ACTION ITEM ->
Copy each line below as written, but skip the pictures.

PROVIDED MATERIAL ->
= = = = = = =
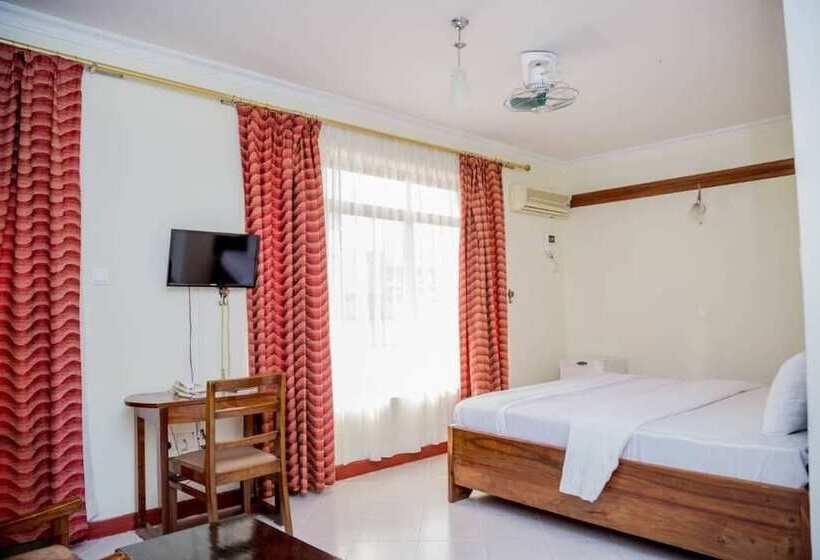 ホテル Kilimanjaro Crane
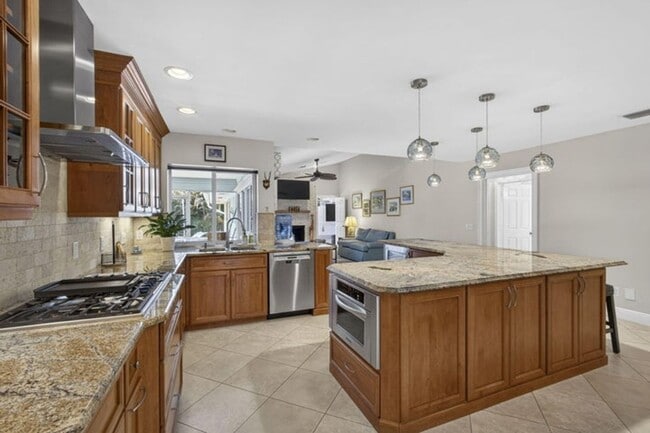 Building Photo - 19570 Trails End Terrace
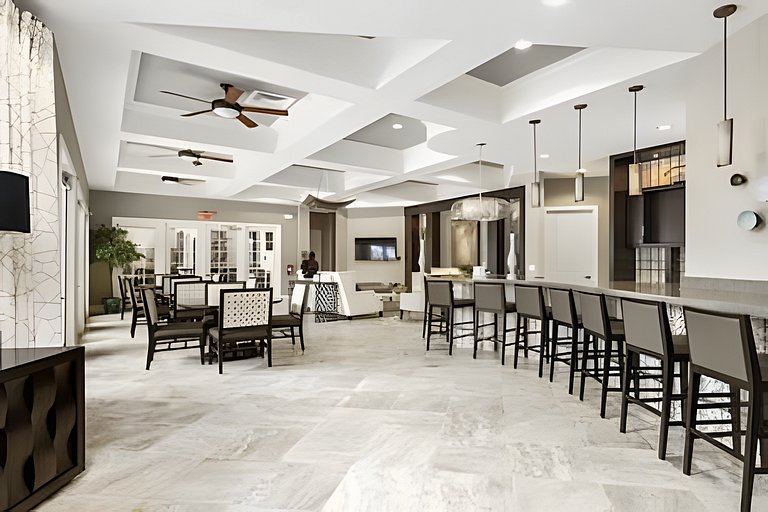 6 Bd / 4.5 Ba / Sleeps 12 / Solterra Resort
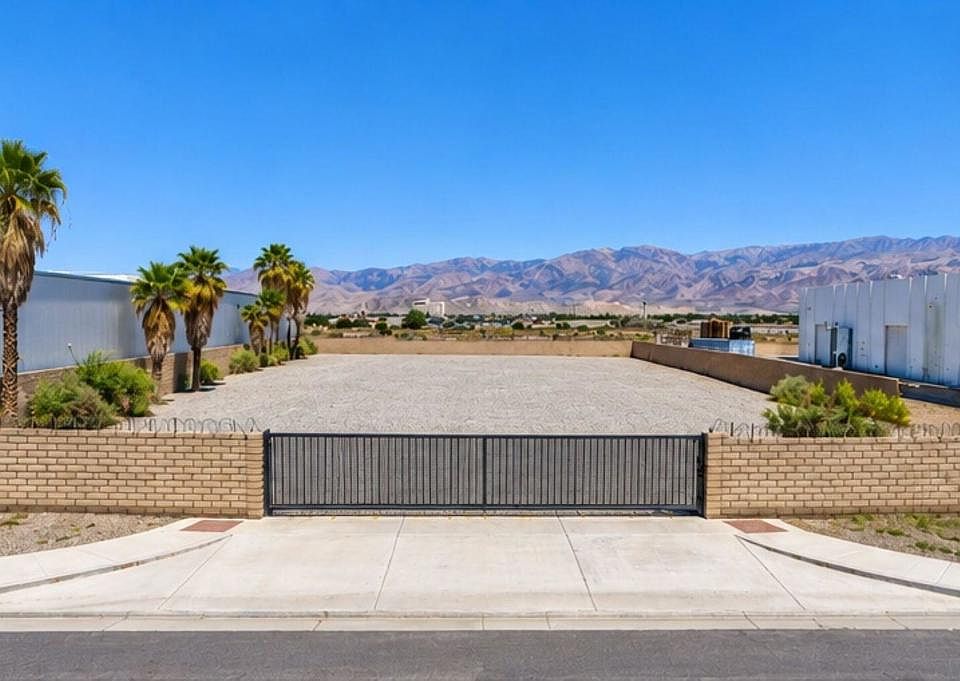 1st image of 84404 Cabazon Center Dr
= = = = = = =
ANSWER TO THIS TASK ->
 ホテル Kilimanjaro Crane
 Building Photo - 19570 Trails End Terrace
 6 Bd / 4.5 Ba / Sleeps 12 / Solterra Resort
 1st image of 84404 Cabazon Center Dr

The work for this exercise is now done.